Ci hanno provato con le proteste degli utenti/clienti; ci hanno provato con un decreto (il “decreto asset”) approvato in legge dal Parlamento italiano; ci hanno provato da Bruxelles sollecitando la concorrenza. Nelle scorse settimane ci ha provato L’Autorità di Regolazione dei Trasporti (Art), che per titolo istituzionale è chiamata – nel settore del trasporto con taxi – a monitorare e verificare la corrispondenza dei livelli di offerta del servizio, delle tariffe e della qualità delle relative prestazioni alle esigenze dei diversi contesti urbani, secondo i criteri di ragionevolezza e proporzionalità, allo scopo di garantire il diritto di mobilità degli utenti.
Ebbene l’Autorità – che per definizione è super partes, una istituzione che nulla ha di politico – per bocca del suo presidente Nicola Zaccheo, ha detto che a Roma “non bastano 1.000 taxi in più, ne servono almeno 2.000 in aggiunta”. Il numero attuale di auto bianche in circolazione non è sufficiente, secondo Zaccheo, a soddisfare la domanda. Facile dargli ragione. Basta frequentare Roma (da cittadino o da turista) e si capisce che le code ai parcheggi, così come le attese al telefono per qualunque cooperativa di radiotaxi, oppure i tentativi falliti di “acchiappo” al volo dimostrano solo una cosa: a Roma non ci sono abbastanza taxi. Punto.

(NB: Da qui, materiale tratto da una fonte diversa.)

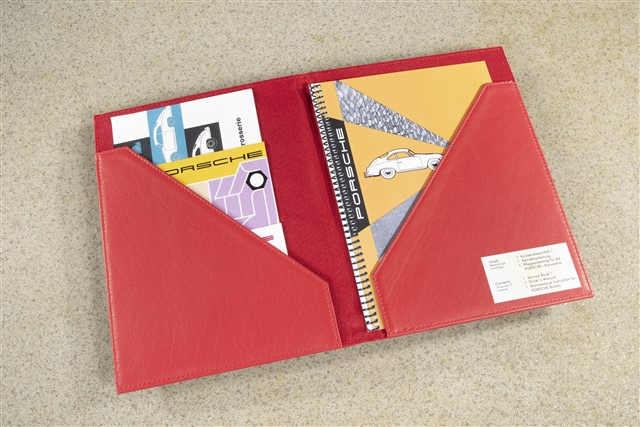 Leather Document wallet in Red with embossed Porsche logo for the storage of the service booklet and the Driver's manuals.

Il presidente dell’Art ha anche evidenziato come siano stati rilasciati 42 pareri in procedura ordinaria, tra cui un parere specifico al Comune di Roma Capitale sull’incremento del contingente taxi. Zaccheo ha anche sottolineato che se tutte le città seguissero le indicazioni del’Art ci sarebbero molti meno problemi in alcuni settori.
Apriti cielo! Le affermazioni di Zaccheo non sono state accolte positivamente (è un eufemismo) dai principali sindacati dei tassisti, tra cui Fit CISL Lazio, Ugl Taxi e Federtaxi Cisal. Per costoro il rilievo di Zaccheo è “uno scandalo”. Ma come? Nemmeno l’Authority del settore trasporto ha titolo per tracciare una strada e certificare un problema?
Oltre ai magistrati (con l’autogoverno) e i parlamentari (con l’autodichia) ora bisognerà ammettere che i taxisti possono assurgere a “organo costituzionale” dal momento che non rispondono ad alcun soggetto esterno alla loro corporazione. Decidono loro di sé stessi e non c’è autorità o protesta che tenga. E qui si torna agli amministratori pubblici locali che rilasciano le licenze. Che la mobilità sia uno dei diritti fondamentali della persona nella comunità civile in cui è inserita, è fuor di dubbio. La mobilità è condizione di partecipazione alla vita sociale. La mobilità è premessa per ogni forma di inclusione attiva. E allora, come la mettiamo quando non è possibile programmare un banale spostamento nella Capitale, poiché i mezzi pubblici – si sa – sono del tutto inadeguati; e i taxi introvabili?